## WHAT THE TASK REQUIRES
In the records below, find the line holding "Rufnummer 03067808292 Telefonnummer"; copy it and every line after it to the end, omitting all images.

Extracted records
════════════════

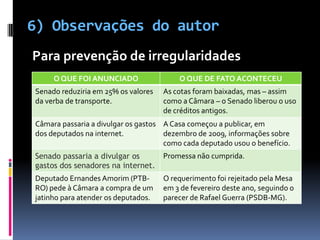 6) Observações do autorPara prevenção de irregularidades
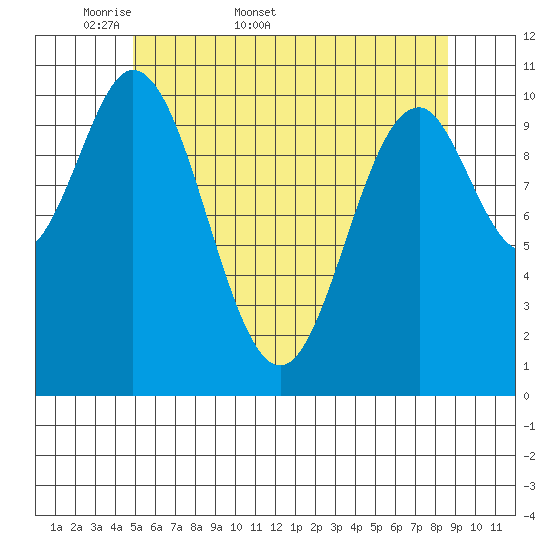 Hunter Bay tide chart for Friday, May 8, 2026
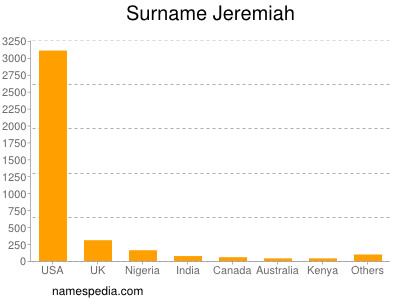 Familiennamen Jeremiah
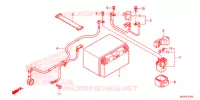 BATTERIE pour Honda CROSSTOURER 1200 DCT 2015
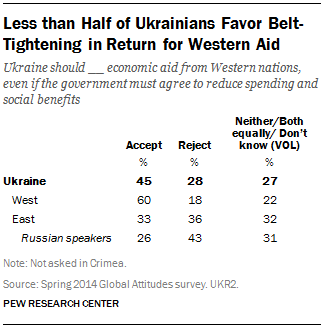 Less than half of Ukrainians support economic aid from the West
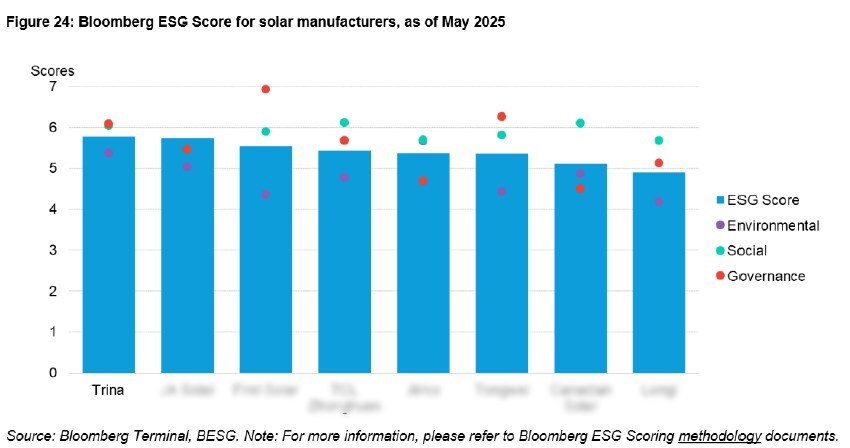 Trinasolar Tops BNEF’s ESG Ranking for Global PV Module Manufacturers, Leading the Industry in Sustainable Development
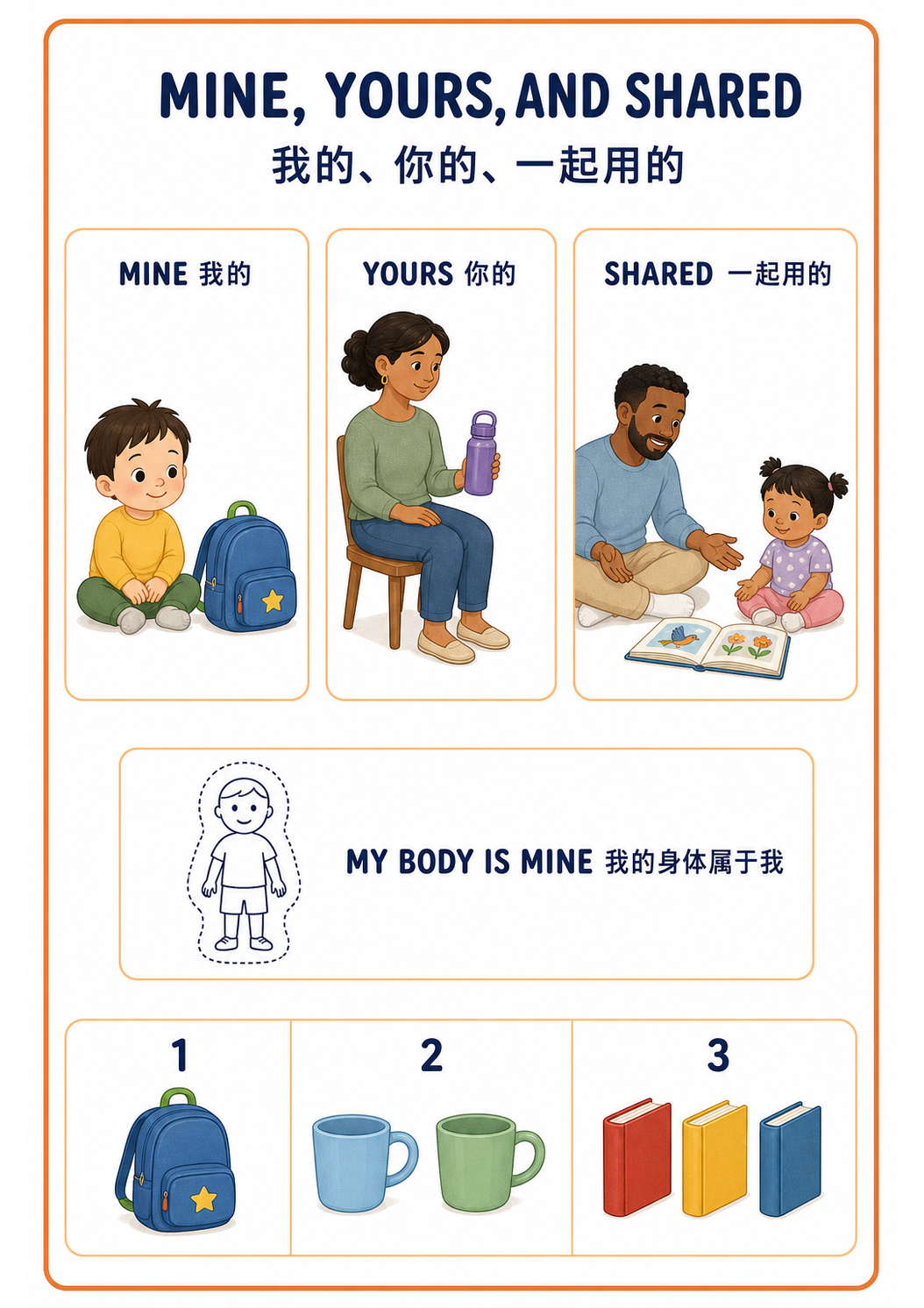 Mine, Yours, and Shared A4 teaching poster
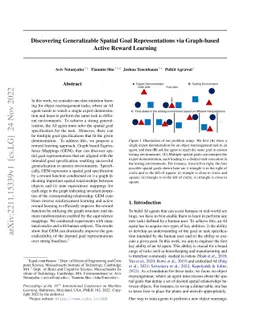 Discovering Generalizable Spatial Goal Representations via Graph-based
  Active Reward Learning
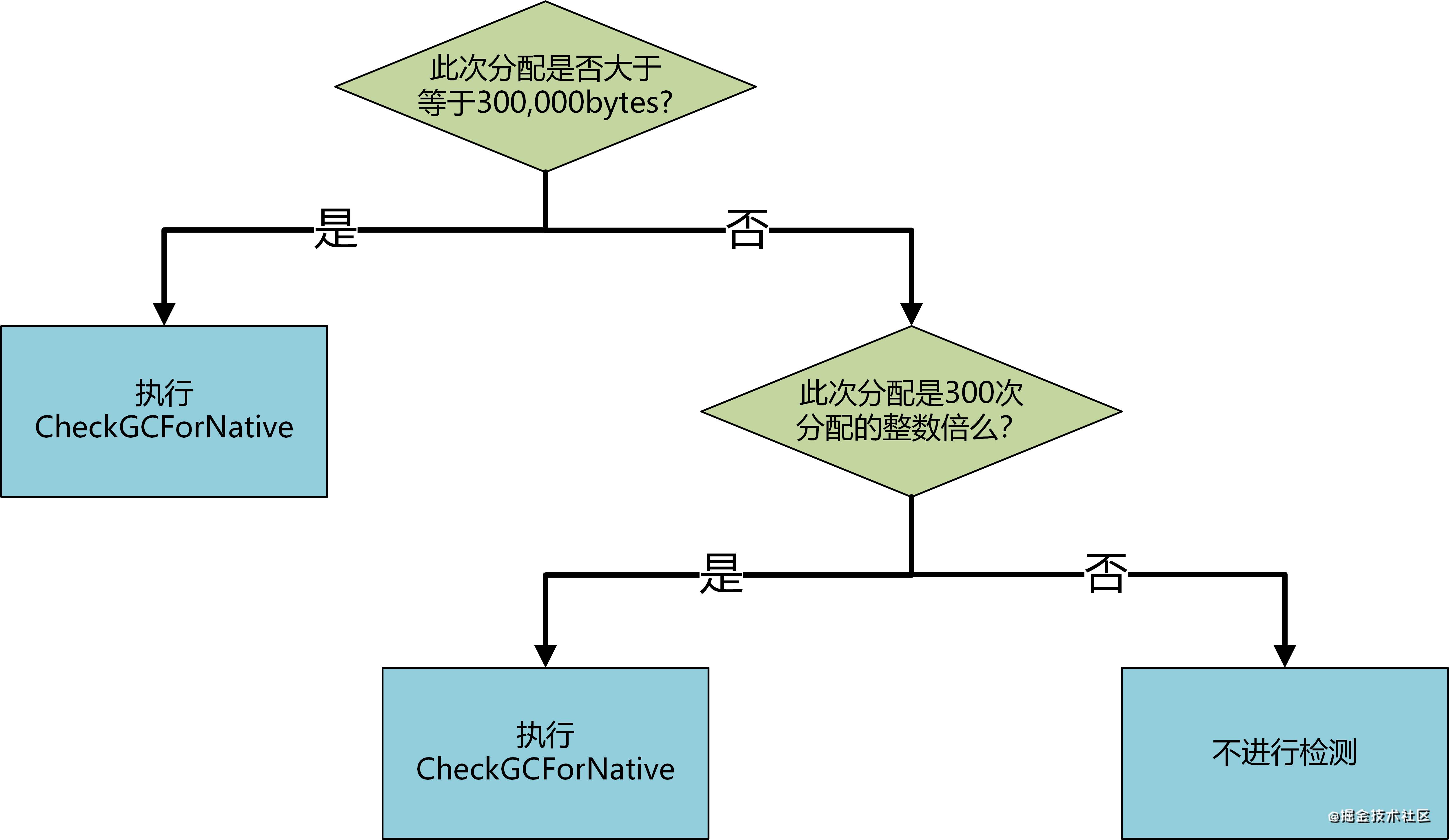 java分析内存占用的工具_java分析内存占用的工具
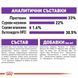 Храна Royal Canin FHN SENSIBLE 33, 10 кг 00000002689 снимка 5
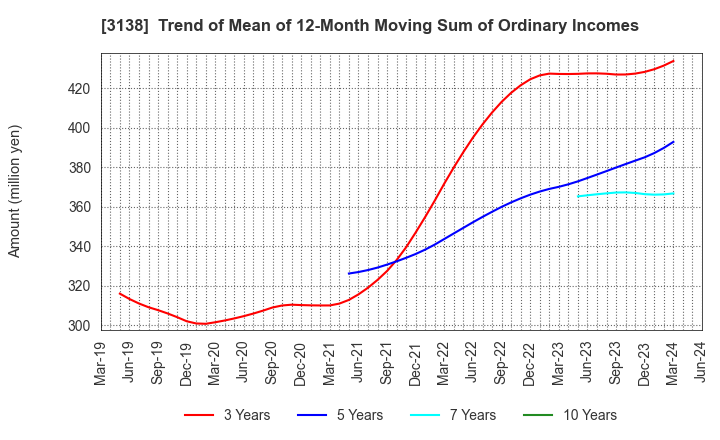 3138 Fujisan Magazine Service Co.,Ltd.: Trend of Mean of 12-Month Moving Sum of Ordinary Incomes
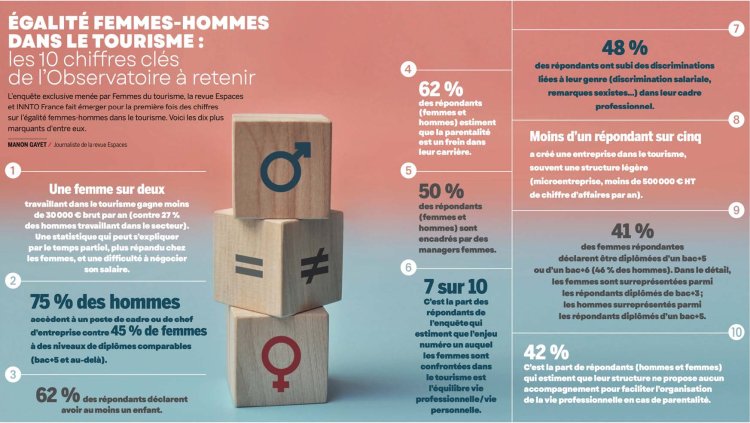 Femmes du Tourisme dévoile les résultats de son 1<sup class="typo_exposants">er</sup> Observatoire national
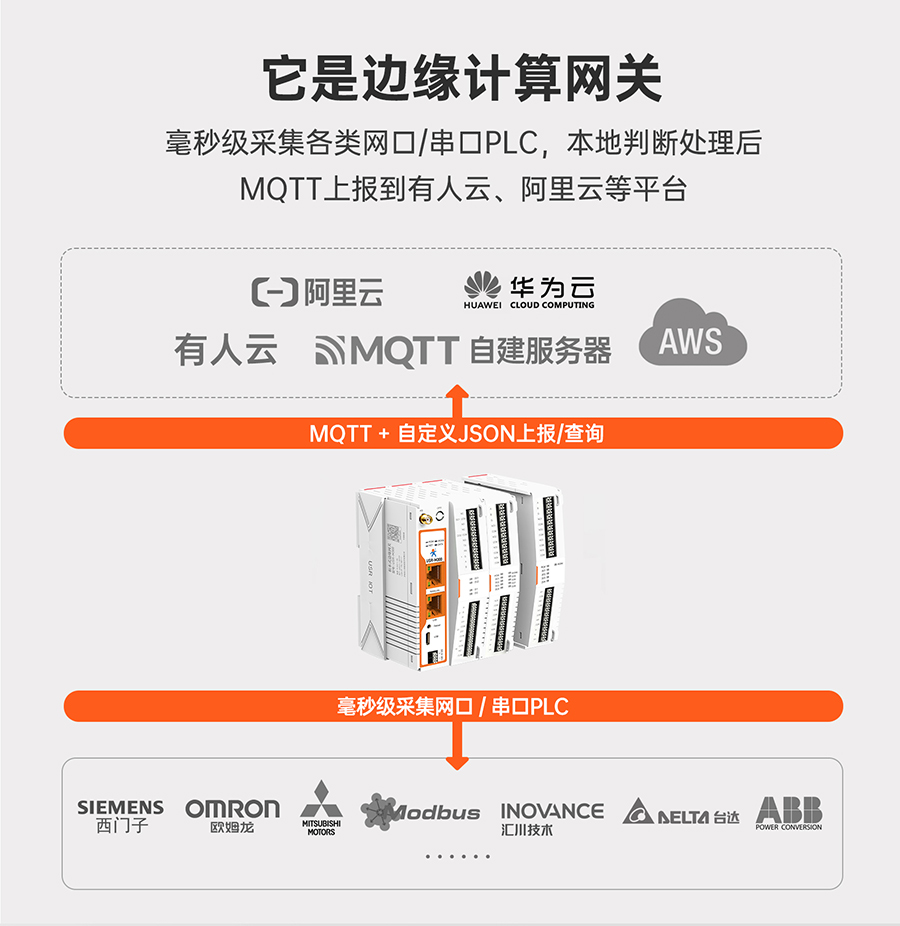 邊緣計算網(wǎng)關的功能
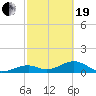Bow Channel Northest tide chart for Friday, February 19, 2021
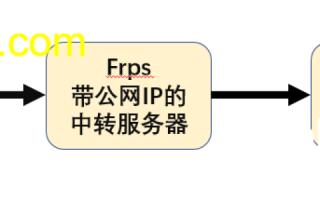 如何通过动态域名来访问服务器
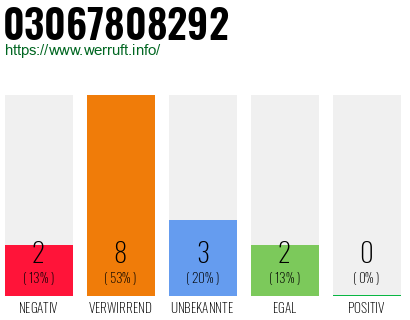 Rufnummer 03067808292 Telefonnummer 03067808292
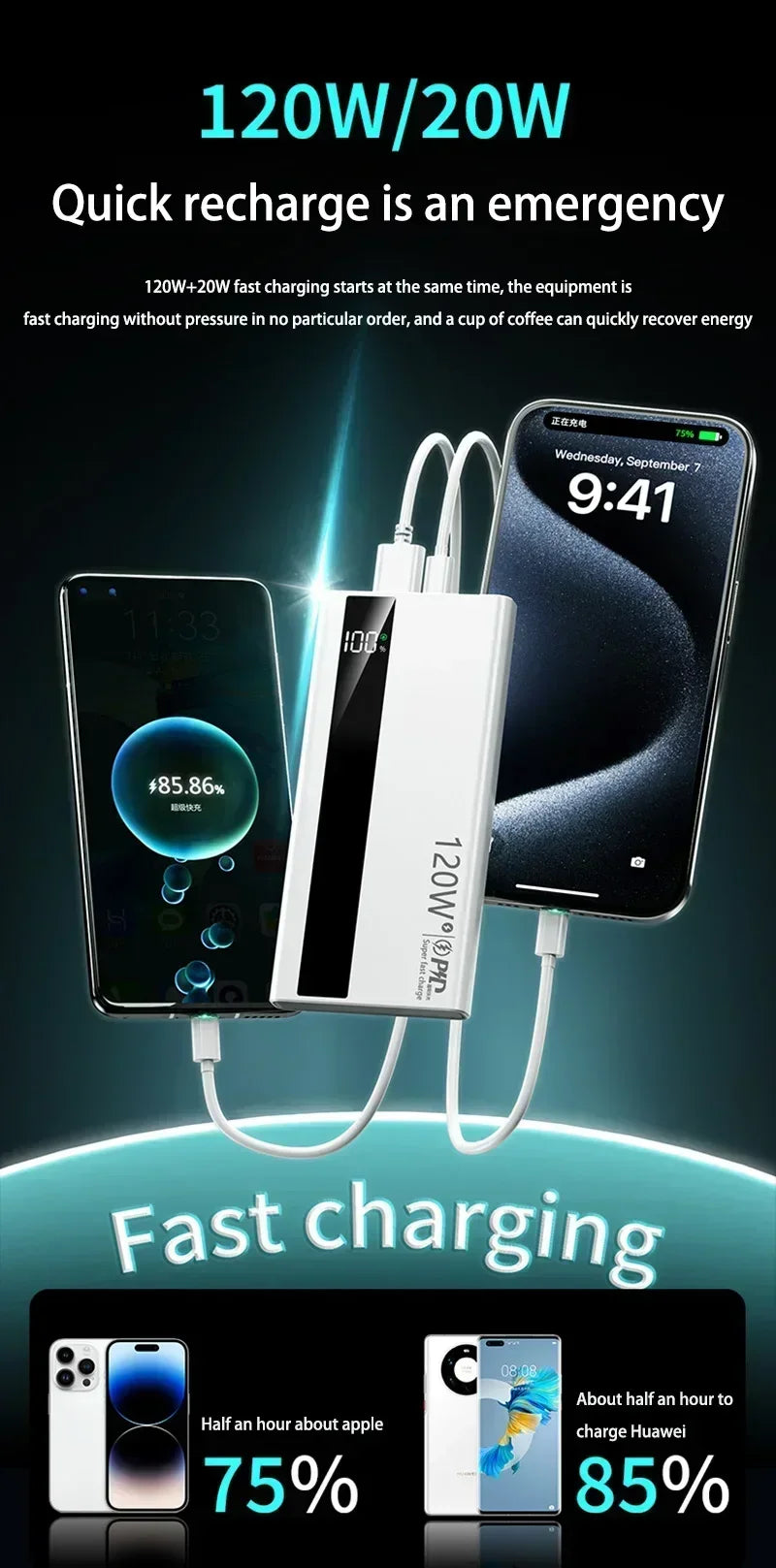 500000mAh Power Bank – 120W Fast Charging Large Capacity PD 20W Portable Charger for All Phones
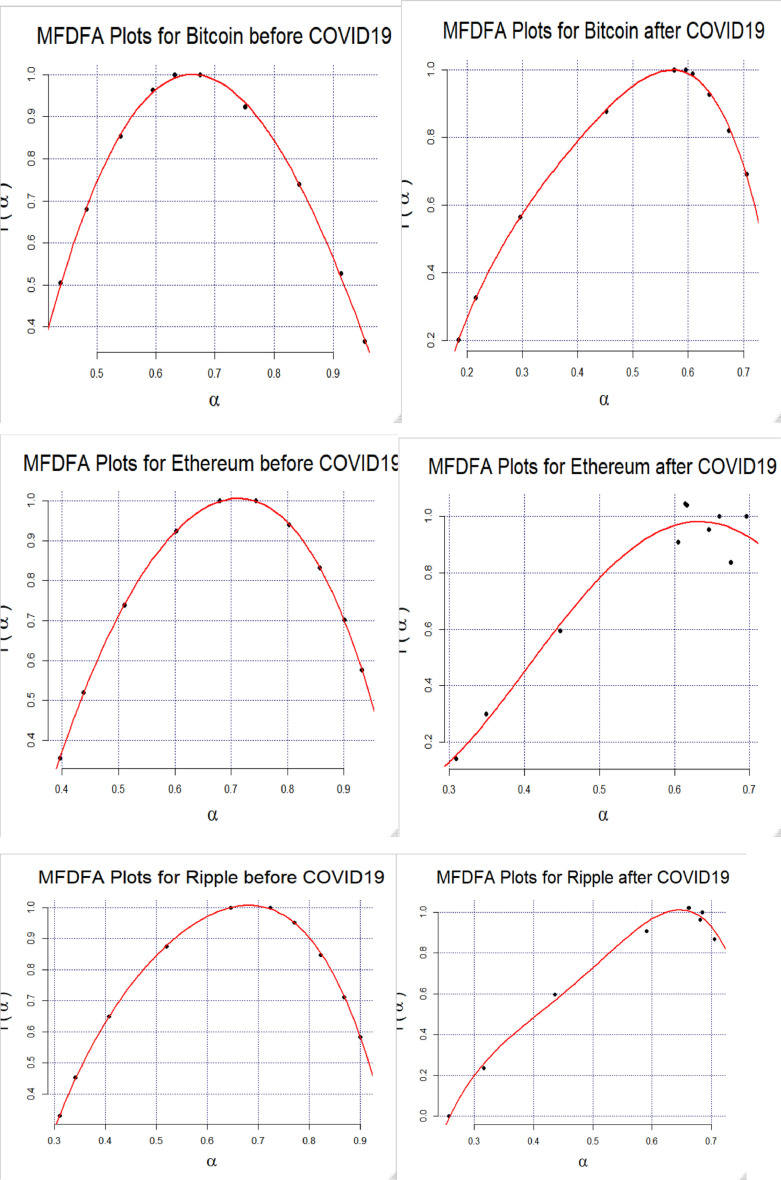 Fig. 5:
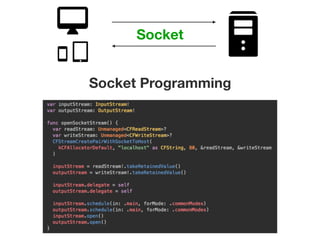 Socket Programming
Socket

════════════════

## ANSWER TO THIS PROBLEM
 Rufnummer 03067808292 Telefonnummer 03067808292
 500000mAh Power Bank – 120W Fast Charging Large Capacity PD 20W Portable Charger for All Phones
 Fig. 5:
 Socket Programming
Socket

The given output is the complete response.